Preventing exploding manholes is interesting, but how might this relate to the datatrust? It turns out that when the power company is logging tickets, they’re not doing it with machine learning for manhole events in mind. One of the biggest challenges in using this unstructured data for this purpose was cleaning it—in this case, converting a blob of text into something analyzable. While I’m not sure there’s any need to put manhole event data in a datatrust, naturally I started imagining the challenges around this. First, it’s hard to imagine being able to effectively clean the data once it’s behind the differential privacy wall. The cleaning was an iterative process that involved some manual work with these text blobs.
For us, the takeaway was that some kinds of data will need to be cleaned while you still have direct access to it, before it is placed behind the anonymization wall of the datatrust. This means that the data donors will need to do the cleaning and it can’t be farmed out to the community at large without compromising the privacy guarantee.
Second, the cleaning seemed to be somewhat context-sensitive. That is, for their particular application, they were keeping and discarding certain pieces of information in the blob. Just as an example, if I was trying to determine the ratio of males to females writing these tickets, I might need a different set of data points extracted from the blob. So, while we’ve spent quite a few words here discussing the challenges around a meaningful privacy guarantee, this was a nice reminder that all of the challenges in dealing with data will also apply to sensitive data.
Of particular relevance to CDP was Graham Cormode from AT&T research and his talk on “Anonymization and Uncertainty in Social Network Data”. The general purpose of his work, similar to ours, is to allow analysis of sensitive data without infringing on privacy. If you’re a frequent reader, you’ve noticed that we’ve been primarily discussing differential privacy and specifically PINQ as a method for managing privacy. Graham presented a different technique for anonymizing data. I’ll set up the problem he’s trying to solve, but I’m not going to get into the details of how he solves it.
Graham’s technique anonymizes graphs, particularly social network interaction graphs. In this case, think of a graph as having a node for every person on Facebook, and a node for each way they interact. Then there are edges connecting the people to the interactions. Here is an example of a portion of a graph:
Graham’s anonymization requirement is that we should not be able to learn of the existence of any interaction, and we should be able to “quantify how much background knowledge is needed to break” the protection.
How does he achieve this? The general idea is by some intelligent grouping of the people nodes. I’ll illustrate the general idea with an example of simple grouping—we’ll group Grant and Alex together, meaning we’ll replace both the “Grant node” and the “Alex node” with a “Grant or Alex node”, and we’ll do the same for the “Mimi” and “Grace” nodes. (We would also replace the names with demographic information to allow us to make general conclusions.)

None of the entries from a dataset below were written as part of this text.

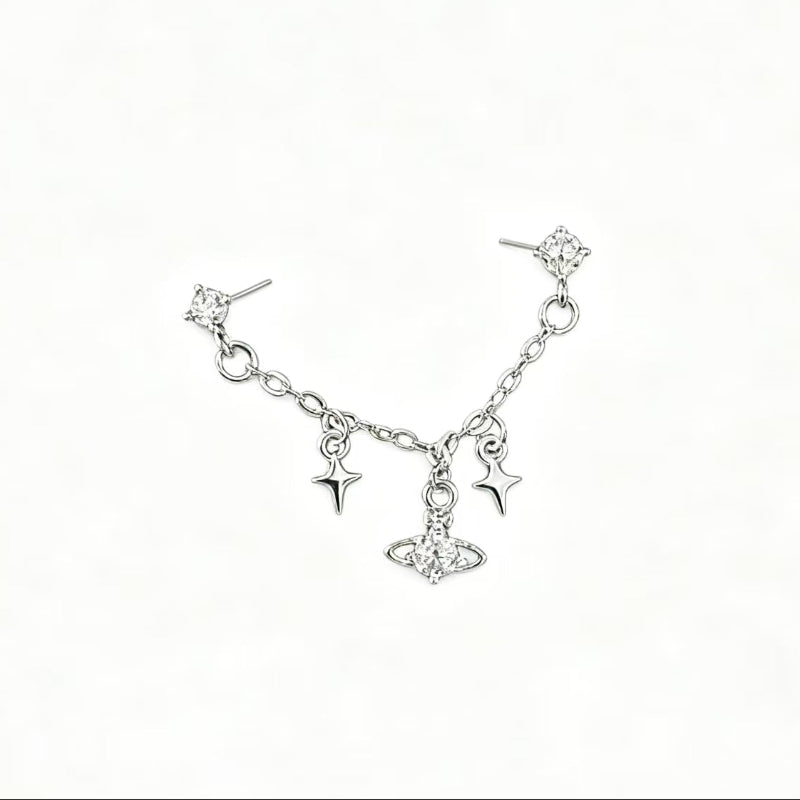 Ear cartilage stud with chain (for double piercings), Sold Single, Stylish Stud Earrings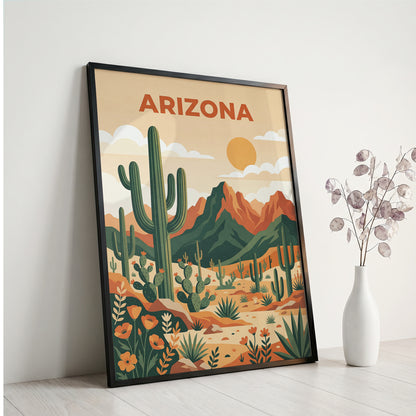 Vintage Arizona Desert Saguaro Cactus Travel Poster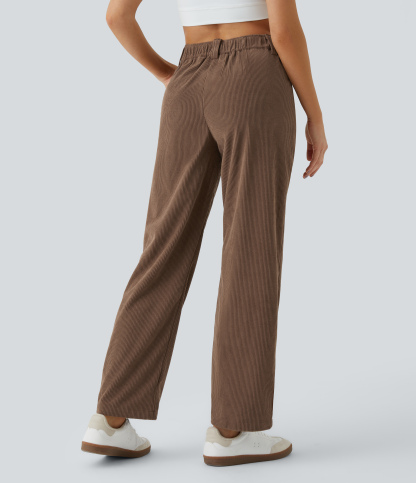 Mid Rise Zipper Pocket Corduroy Casual Pants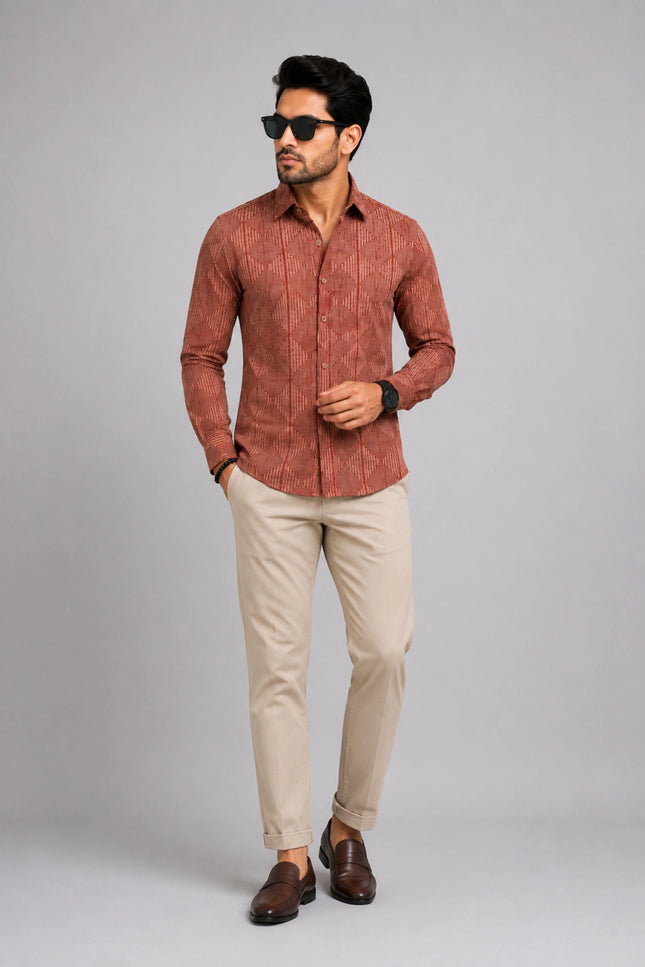 Men's Rust Brown Geometric Printed Casual Shirt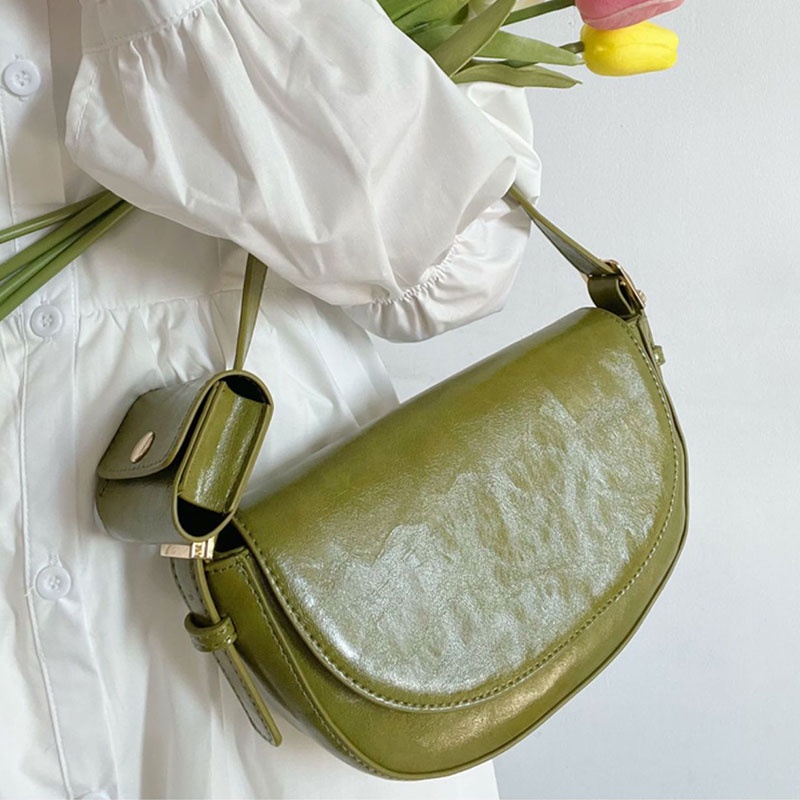 Mischa Túi Đeo Chéo Da PU Màu Trơn Phong Cách Đường Phố Đơn Giản Cho Nữ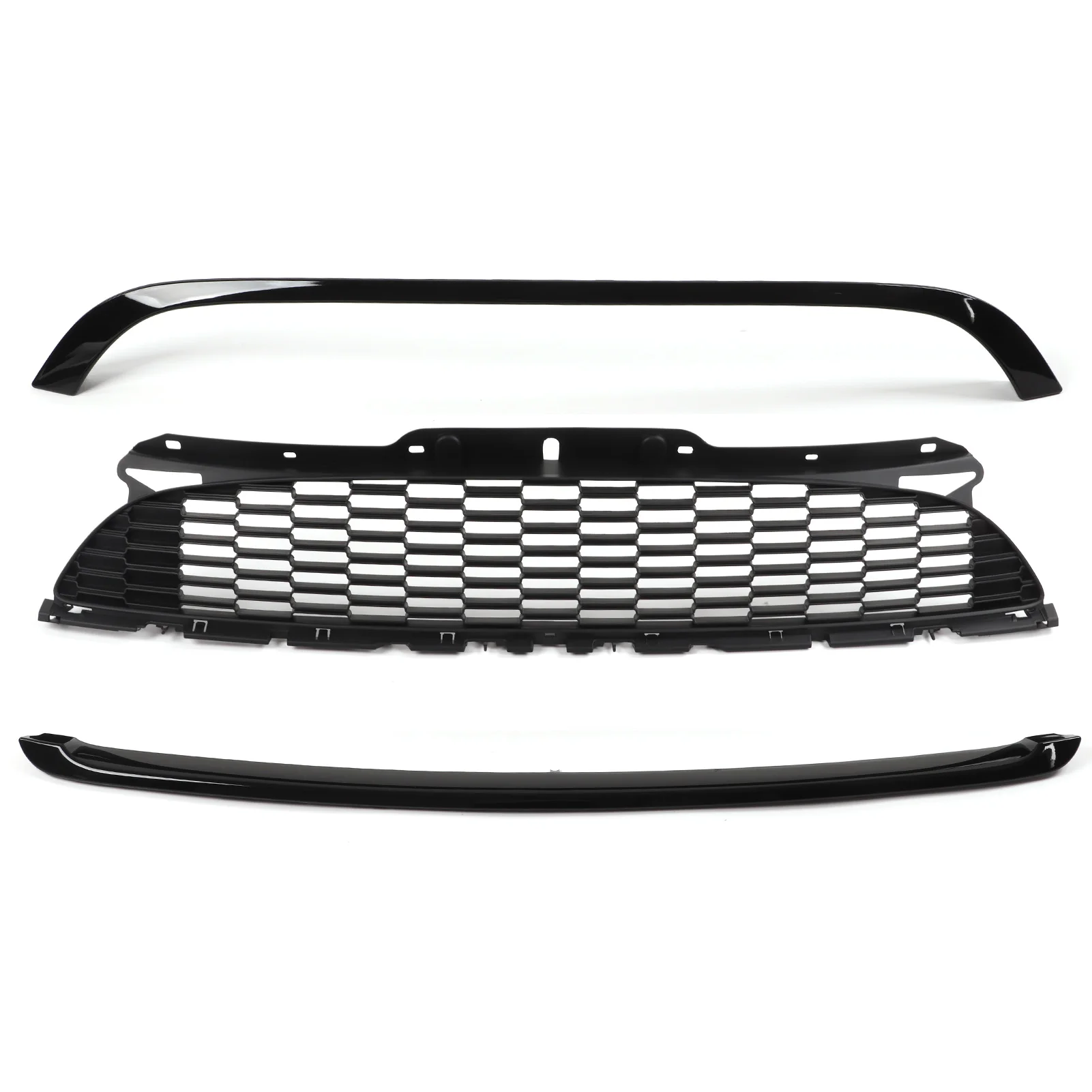 

3Pcs/Set Glossy Black Front Hood Molding Grille Surround Cover Trim Kits for R55 R56 R57 R58 R59 S JCW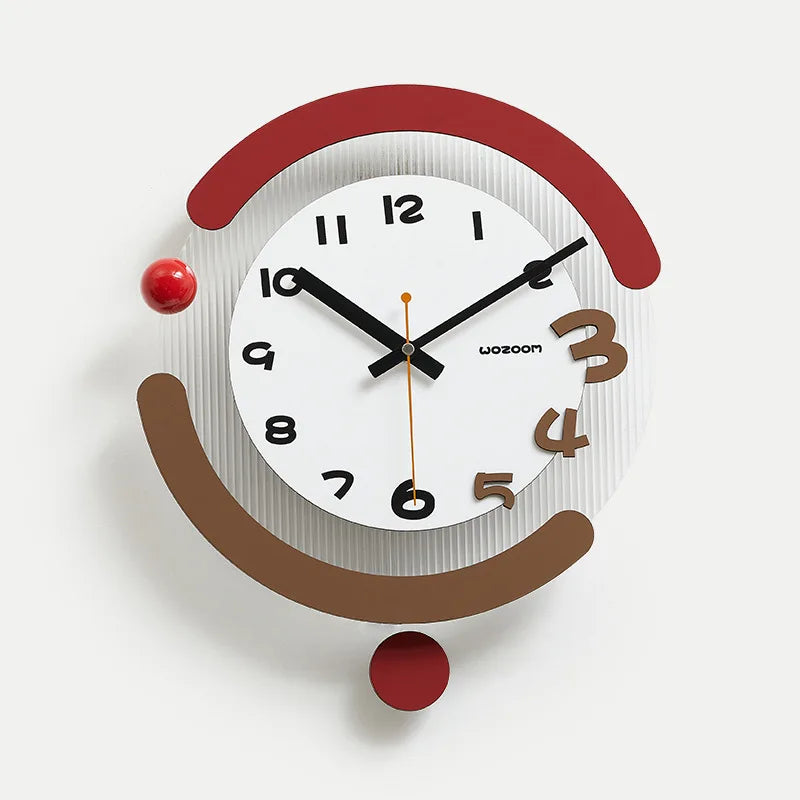 Modern Silent Swing Wall Clock – Round Minimalist Home Décor Decorative Wall Clock Axl Red And Brown-Flat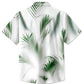Tropical Summer Plant Leaves Vacation Hawaiian Shirt For Summer Vacation, Beach Travel, And Casual Wear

Now, this is reminiscent of one of those logic puzzles, where you have several hints and have to deduce the answer. (One of Mimi and Grace poked Grant or Alex!) Except in this case, if the grouping is done properly, the hints will not be sufficient to deduce any of the individual interactions.
You can find a much more complete explanation of the method here in Graham’s paper, but I thought this was a good example to contrast PINQ’s strategy:
PINQ acts as a wall to the data only allowing noisy aggregates to pass through, while this technique creates a new uncertain version of the dataset which you can then freely look at.